EXERCISE PROMPT: Each record that follows goes into your reply unchanged; the pictures do not.

SOURCE RECORDS:
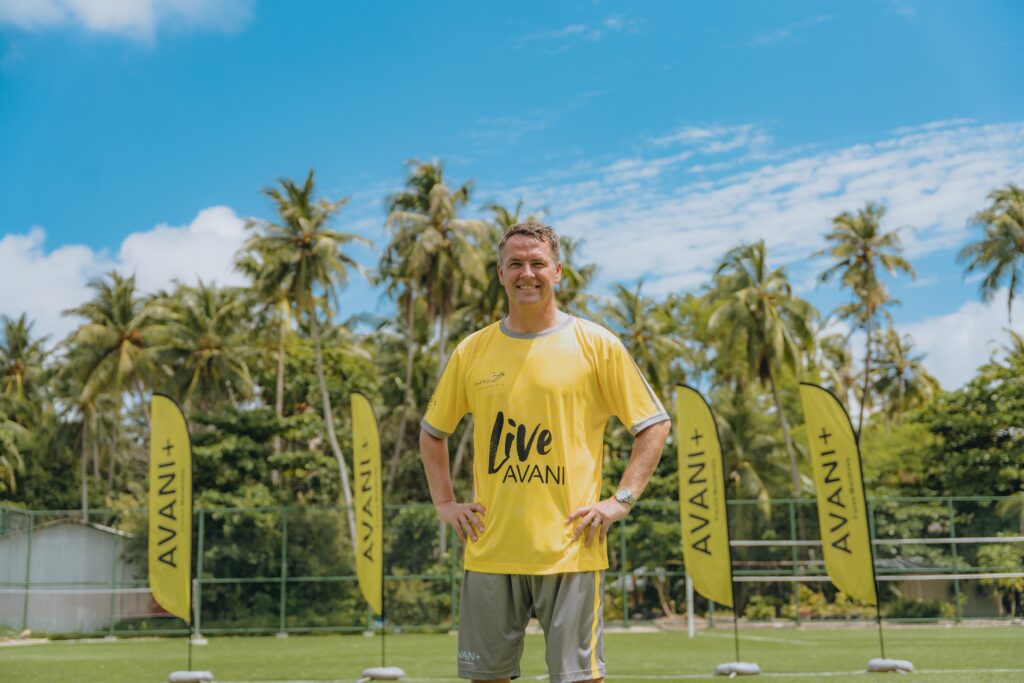 Michael Owen runs the youth soccer camp at this Maldives Resort. Photo c. Avani+Fares Resort.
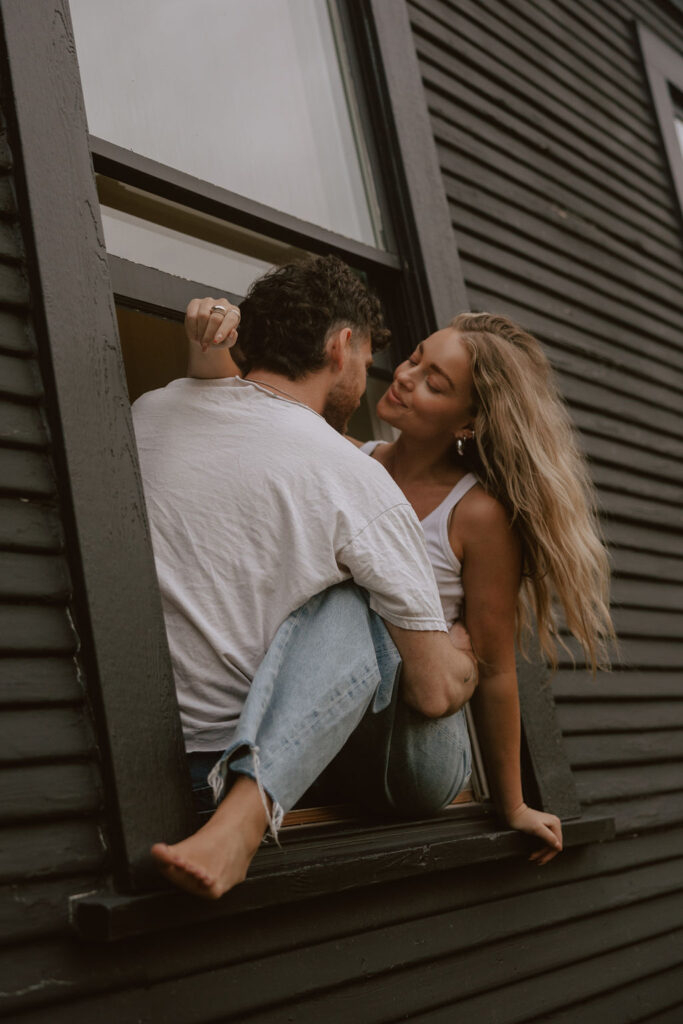 Couple sit in a window sill like sneaky teenagers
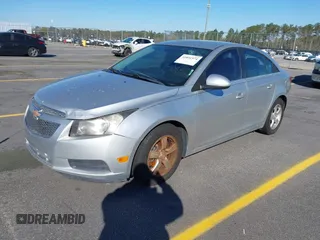 2014 Chevrolet Cruze 1LT with VIN 1G1PC5SB8E7201279, listed as a IAAI auction lot 41851574 with 125,806 mi miles and . Bid and sale history available at DreamBid. Image 2.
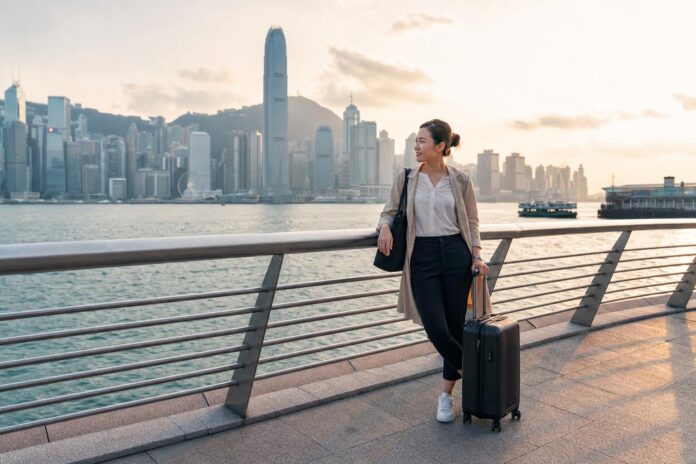 Flight attendant on a Hong Kong layover near Victoria Harbour with skyline view and carry-on luggage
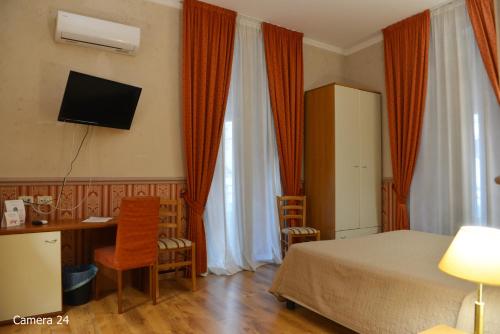 een slaapkamer met een bed, een bureau en een televisie bij Catania Centro Rooms in Catania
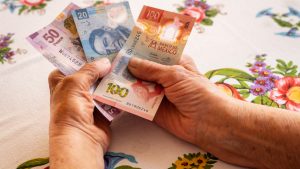 Mexican money, a pensioner holds several pesos banknotes in her hand, Financial problems of seniors, low pensions in Mexico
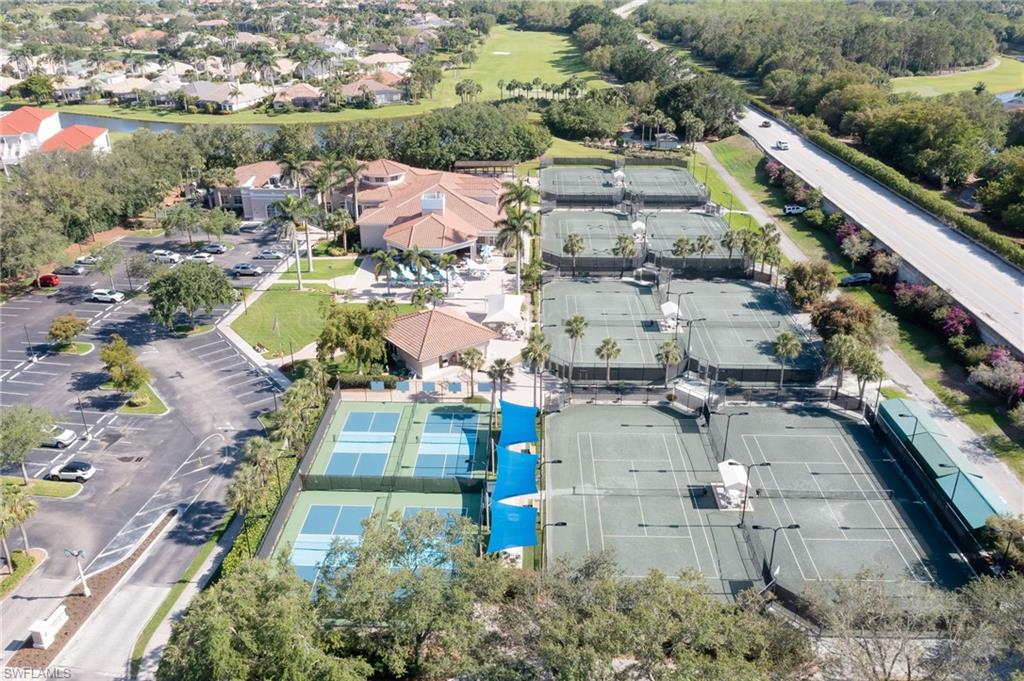 1072 Egrets Walk Circle, Unit 104 Naples, FL 34108 - Photo 33 of 37 an aerial view of residential houses with outdoor space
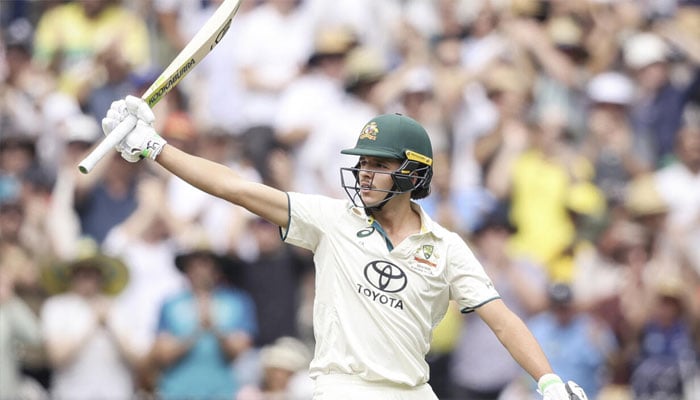 Australias Sam Konstas raises his bat after passing 50 on day one of the fourth Test against India.— AFP/File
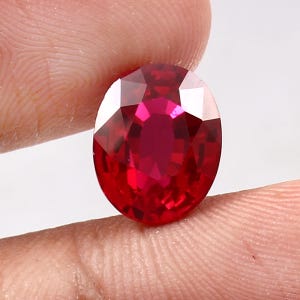 Könnte beinhalten: Ein facettierter, ovalförmiger Rubin-Edelstein. Der Edelstein hat eine tiefe, leuchtende rote Farbe mit mehreren Facetten, die das Licht reflektieren. Der Rubin wird zwischen zwei Fingern vor einem weißen Hintergrund gehalten.
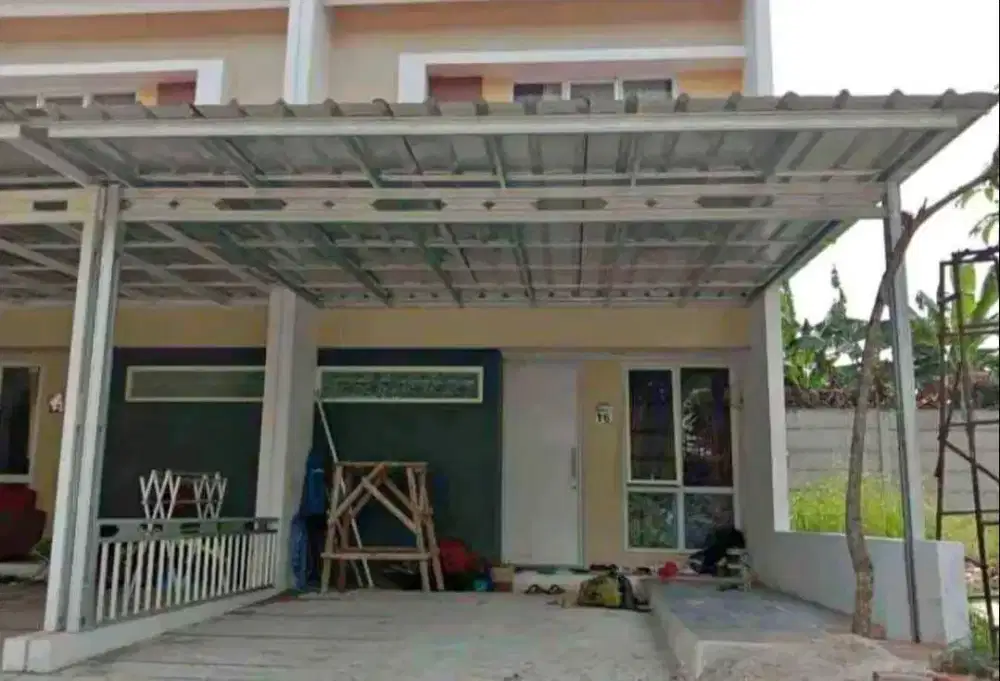 Pasang rangka atap baja ringan spandek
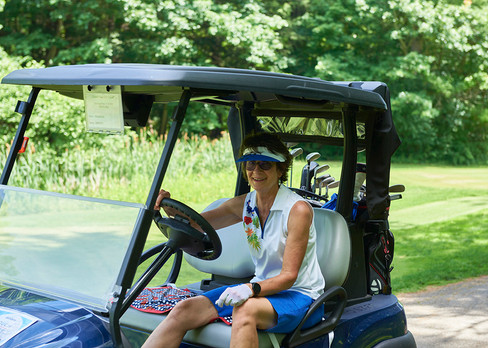 Woman driving golf cart smiling on course with golf clubs and shade.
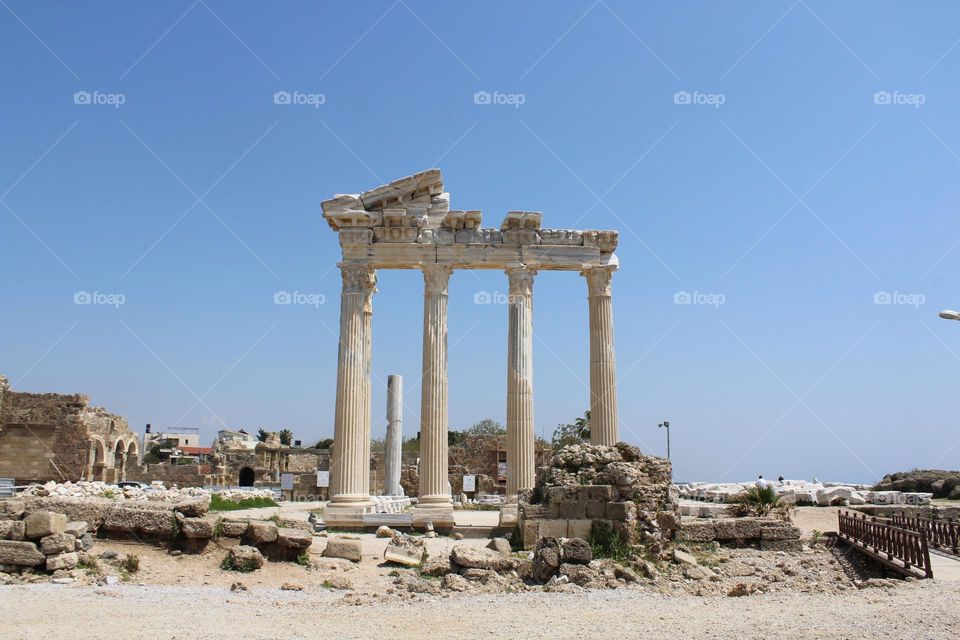 Architectural marvel of Apollon Temple with panoramic coastline views in Side, Turkey. 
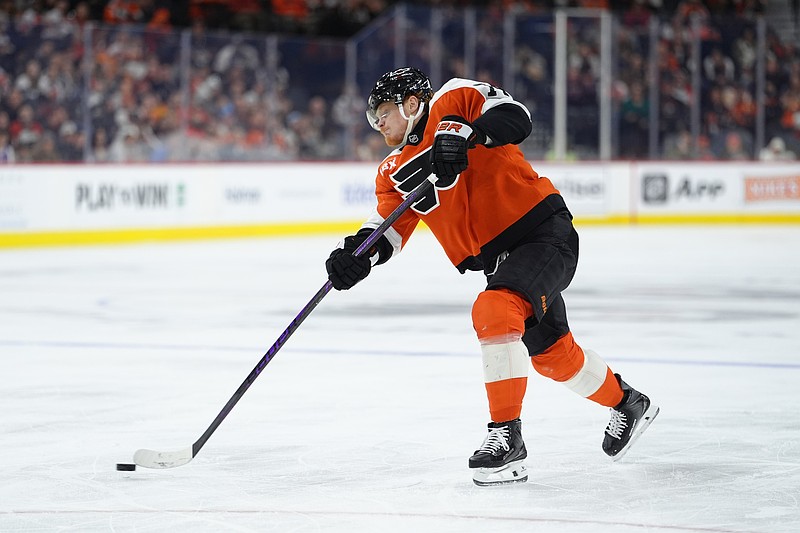 Nov 8, 2025; Philadelphia, Pennsylvania, USA; Philadelphia Flyers right wing Owen Tippett (74) shoots the puck against the Ottawa Senators in the second period at Xfinity Mobile Arena. Mandatory Credit: Kyle Ross-Imagn Images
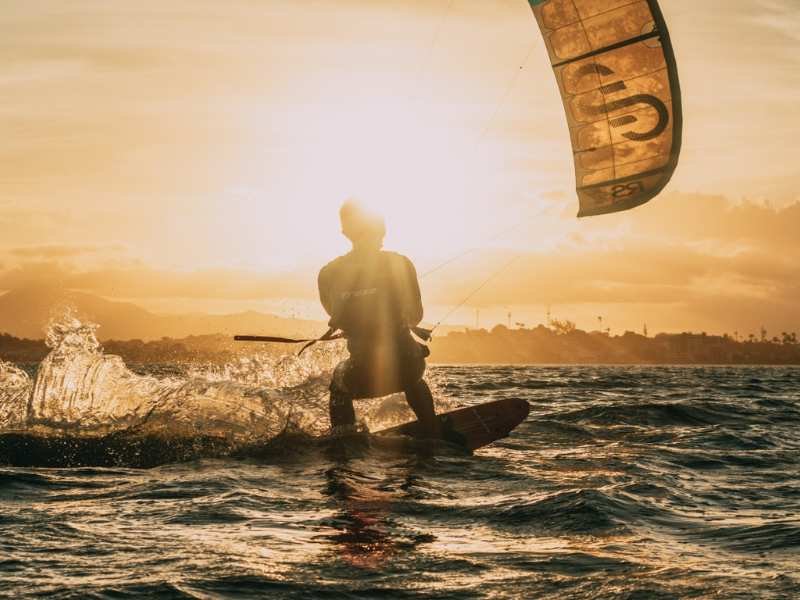 Praticante de kitesurf executando curva acentuada em onda de Icaraizinho com palmeiras e turbinas eólicas ao fundo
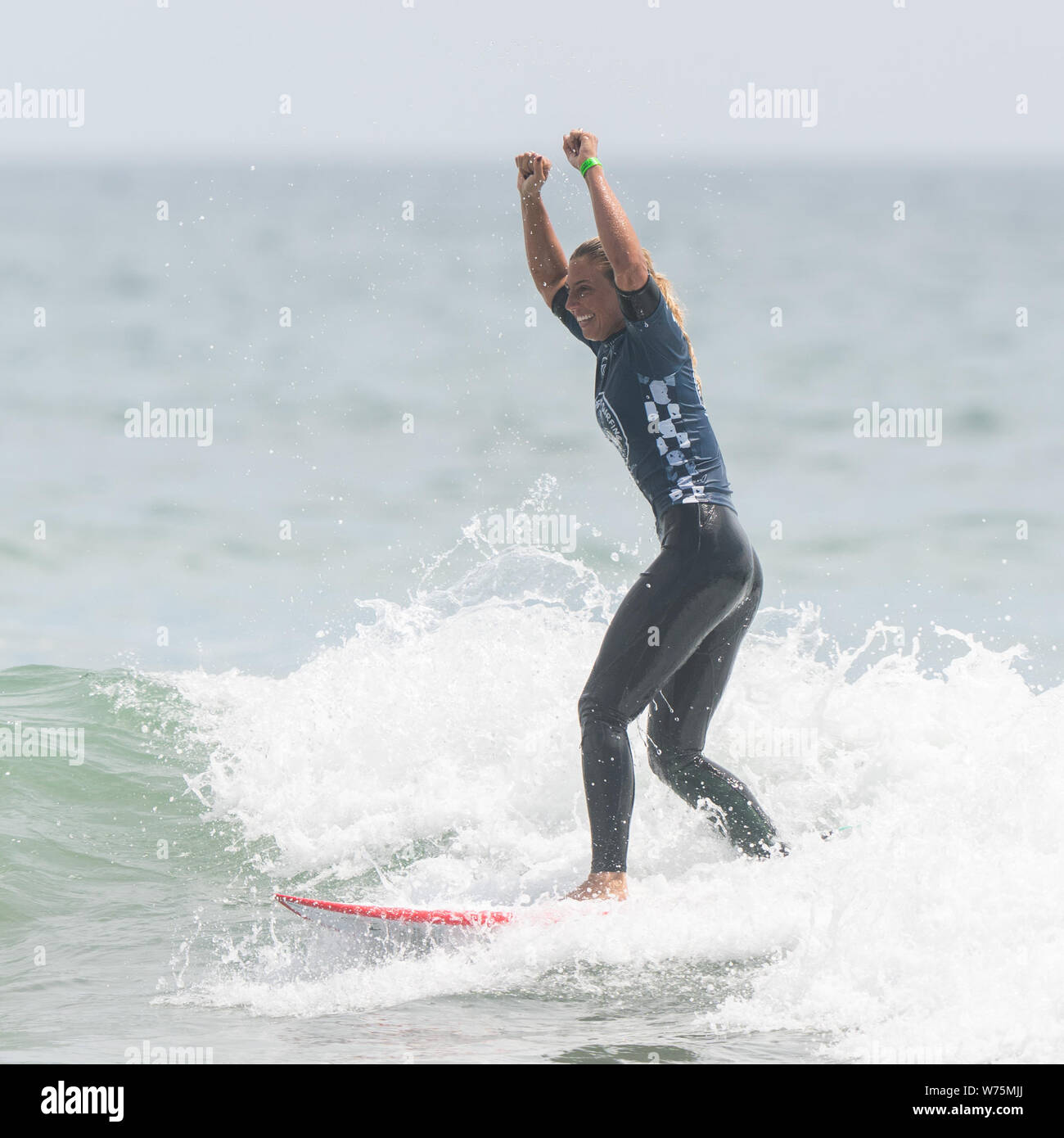 Orange County, USA. 4th Aug, 2019. Sage Erickson of the United States  celebrates during the women's final of Vans US Open of Surfing at  Huntington Beach, California, the United States, on Aug.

REPLY:
 Michael Owen runs the youth soccer camp at this Maldives Resort. Photo c. Avani+Fares Resort.
 Couple sit in a window sill like sneaky teenagers
 2014 Chevrolet Cruze 1LT with VIN 1G1PC5SB8E7201279, listed as a IAAI auction lot 41851574 with 125,806 mi miles and . Bid and sale history available at DreamBid. Image 2.
 Flight attendant on a Hong Kong layover near Victoria Harbour with skyline view and carry-on luggage
 een slaapkamer met een bed, een bureau en een televisie bij Catania Centro Rooms in Catania
 Mexican money, a pensioner holds several pesos banknotes in her hand, Financial problems of seniors, low pensions in Mexico
 1072 Egrets Walk Circle, Unit 104 Naples, FL 34108 - Photo 33 of 37 an aerial view of residential houses with outdoor space
 Australias Sam Konstas raises his bat after passing 50 on day one of the fourth Test against India.— AFP/File
 Könnte beinhalten: Ein facettierter, ovalförmiger Rubin-Edelstein. Der Edelstein hat eine tiefe, leuchtende rote Farbe mit mehreren Facetten, die das Licht reflektieren. Der Rubin wird zwischen zwei Fingern vor einem weißen Hintergrund gehalten.
 Pasang rangka atap baja ringan spandek
 Woman driving golf cart smiling on course with golf clubs and shade.
 Architectural marvel of Apollon Temple with panoramic coastline views in Side, Turkey. 
 Nov 8, 2025; Philadelphia, Pennsylvania, USA; Philadelphia Flyers right wing Owen Tippett (74) shoots the puck against the Ottawa Senators in the second period at Xfinity Mobile Arena. Mandatory Credit: Kyle Ross-Imagn Images
 Praticante de kitesurf executando curva acentuada em onda de Icaraizinho com palmeiras e turbinas eólicas ao fundo
 Orange County, USA. 4th Aug, 2019. Sage Erickson of the United States  celebrates during the women's final of Vans US Open of Surfing at  Huntington Beach, California, the United States, on Aug.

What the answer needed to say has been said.